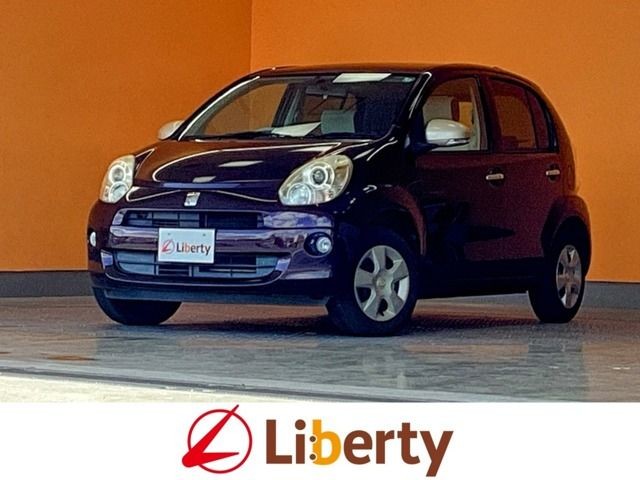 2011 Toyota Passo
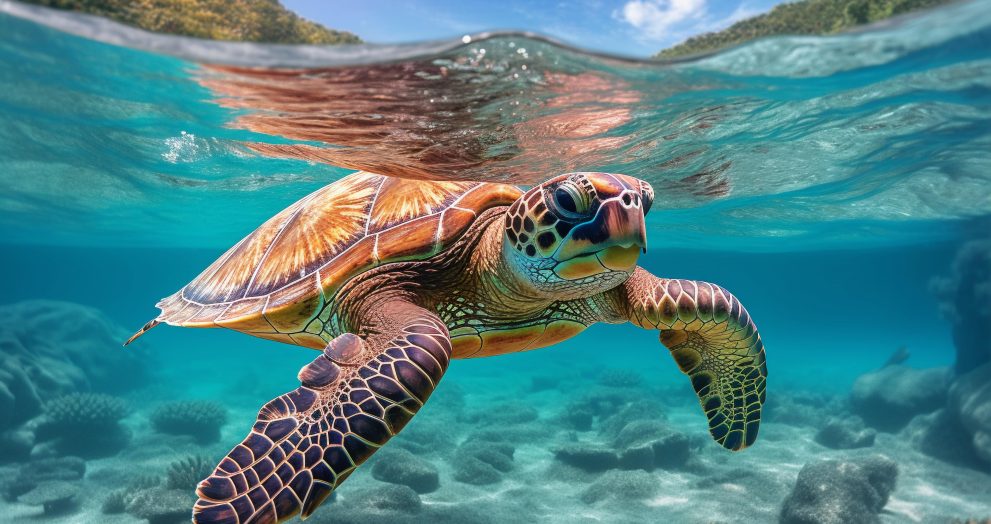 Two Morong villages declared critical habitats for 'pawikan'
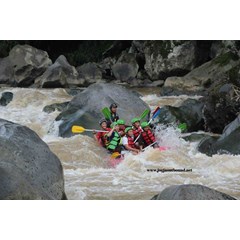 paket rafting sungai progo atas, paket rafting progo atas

---+---

## AIM OF THE EXERCISE
Nothing but an exact copy of the data, without pictures, should be returned.

## THE ANSWER
 2011 Toyota Passo
 Two Morong villages declared critical habitats for 'pawikan'
 paket rafting sungai progo atas, paket rafting progo atas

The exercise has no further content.